Li pun kemudian mengesampingkan semua bisnisnya dan mengikuti petunjuk dokter. Agar tidak terlihat penyakitan, ia rutin berolahraga. Moodnya pun menjadi baik setiap kali olahraga.
Sambil tertawan, Li berkata, setiap kali selesai berolahraga, ia merasa seperti terlahir kembali. Attitude positifnya amat luar biasa!

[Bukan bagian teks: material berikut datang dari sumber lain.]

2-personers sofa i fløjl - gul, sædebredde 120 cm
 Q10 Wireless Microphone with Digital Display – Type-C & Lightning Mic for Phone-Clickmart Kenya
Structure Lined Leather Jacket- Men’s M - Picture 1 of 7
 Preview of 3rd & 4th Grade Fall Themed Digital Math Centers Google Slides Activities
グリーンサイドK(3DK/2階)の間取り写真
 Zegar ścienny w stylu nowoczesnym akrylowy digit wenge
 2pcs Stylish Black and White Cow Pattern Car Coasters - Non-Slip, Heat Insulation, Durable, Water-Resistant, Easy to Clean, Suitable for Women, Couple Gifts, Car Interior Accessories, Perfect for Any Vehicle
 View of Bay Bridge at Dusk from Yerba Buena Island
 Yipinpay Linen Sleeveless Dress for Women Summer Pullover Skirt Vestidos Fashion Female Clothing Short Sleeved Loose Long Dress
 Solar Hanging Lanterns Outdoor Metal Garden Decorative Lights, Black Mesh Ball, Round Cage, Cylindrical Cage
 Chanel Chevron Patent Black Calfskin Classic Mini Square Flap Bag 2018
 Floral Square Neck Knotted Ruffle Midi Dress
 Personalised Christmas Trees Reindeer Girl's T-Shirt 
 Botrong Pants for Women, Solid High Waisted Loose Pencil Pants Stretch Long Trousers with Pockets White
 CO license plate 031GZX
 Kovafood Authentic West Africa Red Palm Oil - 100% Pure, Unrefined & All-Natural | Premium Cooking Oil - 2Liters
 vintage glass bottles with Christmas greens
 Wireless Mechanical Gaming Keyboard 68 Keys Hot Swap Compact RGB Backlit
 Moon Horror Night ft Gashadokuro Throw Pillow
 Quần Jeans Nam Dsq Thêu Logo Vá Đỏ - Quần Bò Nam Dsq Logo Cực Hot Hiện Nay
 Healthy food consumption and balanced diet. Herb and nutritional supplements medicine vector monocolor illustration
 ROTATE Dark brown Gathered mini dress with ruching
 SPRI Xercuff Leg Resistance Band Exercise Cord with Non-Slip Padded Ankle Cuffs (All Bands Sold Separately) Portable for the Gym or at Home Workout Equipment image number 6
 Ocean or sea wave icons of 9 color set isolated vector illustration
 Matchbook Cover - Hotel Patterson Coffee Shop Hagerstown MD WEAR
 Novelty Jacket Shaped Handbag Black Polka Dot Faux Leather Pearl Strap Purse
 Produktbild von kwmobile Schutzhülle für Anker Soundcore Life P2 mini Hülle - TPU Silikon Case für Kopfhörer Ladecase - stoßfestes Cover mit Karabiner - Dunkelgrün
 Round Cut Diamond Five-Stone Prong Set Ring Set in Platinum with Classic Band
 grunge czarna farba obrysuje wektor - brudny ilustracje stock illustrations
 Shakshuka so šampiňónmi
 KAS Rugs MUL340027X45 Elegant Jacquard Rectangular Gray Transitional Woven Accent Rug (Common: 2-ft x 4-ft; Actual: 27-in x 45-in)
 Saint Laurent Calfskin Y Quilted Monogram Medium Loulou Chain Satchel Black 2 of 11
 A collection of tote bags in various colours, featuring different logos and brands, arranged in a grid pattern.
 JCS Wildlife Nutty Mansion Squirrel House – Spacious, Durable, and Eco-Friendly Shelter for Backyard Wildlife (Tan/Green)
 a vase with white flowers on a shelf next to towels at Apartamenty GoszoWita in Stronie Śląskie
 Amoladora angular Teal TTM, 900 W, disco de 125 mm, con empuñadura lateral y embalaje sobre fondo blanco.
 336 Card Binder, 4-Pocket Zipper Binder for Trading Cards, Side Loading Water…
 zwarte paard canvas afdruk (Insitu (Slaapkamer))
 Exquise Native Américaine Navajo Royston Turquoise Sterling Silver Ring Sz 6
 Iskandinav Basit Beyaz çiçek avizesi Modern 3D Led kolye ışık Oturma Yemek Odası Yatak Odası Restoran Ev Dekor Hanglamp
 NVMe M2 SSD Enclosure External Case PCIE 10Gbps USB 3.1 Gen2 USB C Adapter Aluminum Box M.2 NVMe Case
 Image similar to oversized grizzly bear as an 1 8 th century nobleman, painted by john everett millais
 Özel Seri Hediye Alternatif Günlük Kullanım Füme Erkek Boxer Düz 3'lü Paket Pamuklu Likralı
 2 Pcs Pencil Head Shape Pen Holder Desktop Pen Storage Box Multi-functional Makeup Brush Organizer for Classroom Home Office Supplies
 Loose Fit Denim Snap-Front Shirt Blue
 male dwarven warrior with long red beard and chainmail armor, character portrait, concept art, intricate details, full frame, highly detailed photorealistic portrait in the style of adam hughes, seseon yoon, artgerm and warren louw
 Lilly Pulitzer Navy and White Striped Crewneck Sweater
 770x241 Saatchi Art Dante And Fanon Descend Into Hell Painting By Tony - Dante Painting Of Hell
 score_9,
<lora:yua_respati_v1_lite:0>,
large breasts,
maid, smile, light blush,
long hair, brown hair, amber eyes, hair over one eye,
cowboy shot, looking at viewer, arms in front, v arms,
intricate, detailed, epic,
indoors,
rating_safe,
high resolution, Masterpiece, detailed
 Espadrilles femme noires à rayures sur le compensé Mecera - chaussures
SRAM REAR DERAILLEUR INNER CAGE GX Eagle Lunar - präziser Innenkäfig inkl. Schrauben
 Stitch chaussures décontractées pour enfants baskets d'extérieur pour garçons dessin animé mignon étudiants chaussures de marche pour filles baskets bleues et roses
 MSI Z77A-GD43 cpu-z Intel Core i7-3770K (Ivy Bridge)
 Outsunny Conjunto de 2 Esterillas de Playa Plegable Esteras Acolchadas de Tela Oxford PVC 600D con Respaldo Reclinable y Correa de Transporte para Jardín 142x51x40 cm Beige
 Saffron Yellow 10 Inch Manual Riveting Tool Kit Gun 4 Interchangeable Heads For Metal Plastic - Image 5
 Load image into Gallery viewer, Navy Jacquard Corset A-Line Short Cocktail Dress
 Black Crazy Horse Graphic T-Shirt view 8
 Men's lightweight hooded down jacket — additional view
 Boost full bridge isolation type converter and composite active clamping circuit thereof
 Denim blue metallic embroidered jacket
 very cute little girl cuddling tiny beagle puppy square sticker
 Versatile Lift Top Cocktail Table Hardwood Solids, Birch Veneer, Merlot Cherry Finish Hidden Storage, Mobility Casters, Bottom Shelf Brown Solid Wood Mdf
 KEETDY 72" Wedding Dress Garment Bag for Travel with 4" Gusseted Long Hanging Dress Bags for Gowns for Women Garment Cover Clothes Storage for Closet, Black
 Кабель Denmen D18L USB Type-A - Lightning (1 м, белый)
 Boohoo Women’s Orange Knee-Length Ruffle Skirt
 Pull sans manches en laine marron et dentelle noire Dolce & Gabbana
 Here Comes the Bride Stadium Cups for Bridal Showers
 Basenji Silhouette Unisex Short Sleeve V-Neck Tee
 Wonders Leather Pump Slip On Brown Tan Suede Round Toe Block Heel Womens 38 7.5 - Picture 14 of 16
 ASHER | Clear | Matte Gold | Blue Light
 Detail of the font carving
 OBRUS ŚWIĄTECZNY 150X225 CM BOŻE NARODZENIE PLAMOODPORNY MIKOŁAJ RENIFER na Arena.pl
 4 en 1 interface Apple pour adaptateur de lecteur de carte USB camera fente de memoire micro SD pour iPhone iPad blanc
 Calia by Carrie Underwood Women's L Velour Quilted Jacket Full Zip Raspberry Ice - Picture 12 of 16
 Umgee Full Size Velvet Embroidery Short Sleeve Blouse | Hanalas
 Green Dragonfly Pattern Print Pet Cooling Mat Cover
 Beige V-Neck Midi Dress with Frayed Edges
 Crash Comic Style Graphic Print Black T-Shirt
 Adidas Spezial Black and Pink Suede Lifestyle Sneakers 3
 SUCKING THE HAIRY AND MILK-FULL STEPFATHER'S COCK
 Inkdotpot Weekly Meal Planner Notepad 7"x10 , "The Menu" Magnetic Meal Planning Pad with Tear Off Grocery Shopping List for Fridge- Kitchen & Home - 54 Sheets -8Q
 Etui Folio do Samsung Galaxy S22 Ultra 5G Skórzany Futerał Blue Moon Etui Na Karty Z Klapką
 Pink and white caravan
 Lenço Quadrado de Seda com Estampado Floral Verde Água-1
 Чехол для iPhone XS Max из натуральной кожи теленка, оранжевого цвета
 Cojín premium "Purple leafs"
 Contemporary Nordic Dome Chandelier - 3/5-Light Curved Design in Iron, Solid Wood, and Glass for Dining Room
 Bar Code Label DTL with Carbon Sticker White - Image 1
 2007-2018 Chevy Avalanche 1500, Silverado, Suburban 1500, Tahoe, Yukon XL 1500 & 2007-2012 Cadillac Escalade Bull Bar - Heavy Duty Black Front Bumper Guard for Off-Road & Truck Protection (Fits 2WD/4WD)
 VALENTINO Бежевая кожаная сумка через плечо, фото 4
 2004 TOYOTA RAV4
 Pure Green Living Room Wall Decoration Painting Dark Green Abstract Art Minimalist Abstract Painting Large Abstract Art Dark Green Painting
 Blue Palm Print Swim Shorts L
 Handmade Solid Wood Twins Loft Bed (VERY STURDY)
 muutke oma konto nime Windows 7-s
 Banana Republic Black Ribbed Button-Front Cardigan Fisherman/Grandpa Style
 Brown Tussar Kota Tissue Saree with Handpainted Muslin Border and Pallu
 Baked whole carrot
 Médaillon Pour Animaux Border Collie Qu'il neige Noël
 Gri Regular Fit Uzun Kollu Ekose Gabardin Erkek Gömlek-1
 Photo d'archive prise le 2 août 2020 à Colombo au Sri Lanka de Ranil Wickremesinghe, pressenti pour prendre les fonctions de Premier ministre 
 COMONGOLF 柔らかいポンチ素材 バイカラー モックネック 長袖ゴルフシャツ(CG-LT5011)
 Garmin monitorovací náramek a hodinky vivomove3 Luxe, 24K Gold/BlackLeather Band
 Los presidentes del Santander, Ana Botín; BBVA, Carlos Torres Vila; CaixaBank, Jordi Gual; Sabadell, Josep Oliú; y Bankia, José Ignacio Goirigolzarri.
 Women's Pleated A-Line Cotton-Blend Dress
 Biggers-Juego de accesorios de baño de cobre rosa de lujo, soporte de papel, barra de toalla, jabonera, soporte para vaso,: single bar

Tetapi Li masih harus melakukan kemoterapi. Efek samping dari radiasi-radiasi itu membuat telinga kirinya tidak bisa mendengar, kehilangan indera perasanya, mulut kering dan leher kaku. Tapi, Li tetap positif dan malah bercanda, "Jadi kalau saya mau dengar orang ngomong apa, saya harus berdiri di sebelah kirinya hahaha!"
Li juga mengatakan, "Selain hidup dan mati, yang lain semuanya hal kecil." Ia sering menggunakan kata-kata ini untuk mendorong dirinya dan teman-temannya. "Apapun masalah yang kamu hadapi, bila dihadapkan dengan hidup dan mati, masalah itu akan menjadi sangat sepele."
Li menganggap kankernya itu adalah sekedar flu, karena gejalanya sama. Dengan begitu, ia akan merasa lebih kuat untuk melawan penyakitnya. Asal mengikuti saran dokter, ia akan bisa sembuh.
Dia mengatakan bahwa banyak pasien kanker yang merasa sangat putus asa ketika menghadapi kemoterapi, sebenarnya dia sendiri juga. Tapi ia terus berpikiran, ia masih belum membawa anak, istri dan cucunya keliling dunia! Demi mewujudkan mimpi itu, ia berusaha untuk tegar dan memenangkan pertempuran ini.
Teman-temannya berpendapat Li sama sekali tidak seperti orang sakit. Li pun bercanda bilang, "Aku tidak akan mati begitu mudah. Suatu hari aku akan sembuh!"
2 tahun terkahir ini, sel kankernya sudah menjalar ke hati, tetapi Li masih tetap saja tersenyum dan optimis. Li berkata kepada istrinya, "Jika aku bisa hanya bisa hidup sampai hari ini, saya ingin mengatakan kepada istri dan anak-anak saya, saya benar-benar mencintai mereka. Aku sudah berusaha sekuat tenaga. Semoga anak-anak saya bisa merawat ibu mereka dengan baik."
Mencari uang boleh, tapi jangan sampai mengorbankan kesehatan, karena kesehatan, hidup dan mati adalah diatas segala-galanya.